08 April 2006

Unlabeled Structured Data

I'll skip discussion of multitask learning for now and go directly for the unlabeled data question.

It's instructive to compare what NLPers do with unlabeled data to what MLers do with unlabeled data. In machine learning, there are a few "standard" approaches to boosting supervised learning with unlabeled data:

  1. Use the unlabeled data to construct a low dimensional manifold; use this manifold to "preprocess" the training data.
  2. Use the unlabeled data to construct a kernel.
  3. Use the unlabeled data during training time to implement the "nearby points get similar labels" intuition.
There are basically two common uses of unlabeled data in NLP (that I can think of):
  1. Use the unlabeled data to cluster words; use these word clusters as features for training.
  2. Use the unlabeled data to bootstrap new training instances based on highly precise patterns (regular expressions, typically).
Why the discrepancy? I think it partially that the ML techniques are relatively new and developed without thinking about language problems. For instance, most manifold learning techniques work in mid-dimensional, continuous space, not uber-high-dimensional sparse discrete space. Moreover, most of the ML-style techniques scale as O(N^3), where N=# of unlabeled points. This is clearly far far too expensive for any reasonable data set. For the converse, NLP semi-sup techniques are very tied to their domain, and don't generalize well.

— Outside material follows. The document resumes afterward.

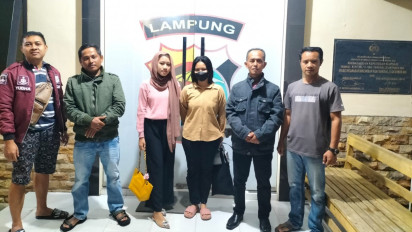 Polda Lampung Damping Keluarga 2 Pasutri Korban Pembunuhan Mbah Slamet Dukun Pengganda Uang ke Banjarnegara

The paper that's been getting a lot of attention recently -- on both sides -- is the work by Ando and Zhang. As I see it, this is one way of formalizing the common practice in NLP to a form digestible by ML people. This is great, because maybe it means the two camps will be brought closer together. The basic idea is to take "A" style NLP learning, but instead of clustering as we normally think of clustering (words based on contexts), they try to learn a classifier that predicts known "free" aspects of the unlabeled data (is this word capitalized?). Probably the biggest (acknowledged) shortcoming of this technique is that a human has to come up with these secondary classification problems. Can we try to do that automatically?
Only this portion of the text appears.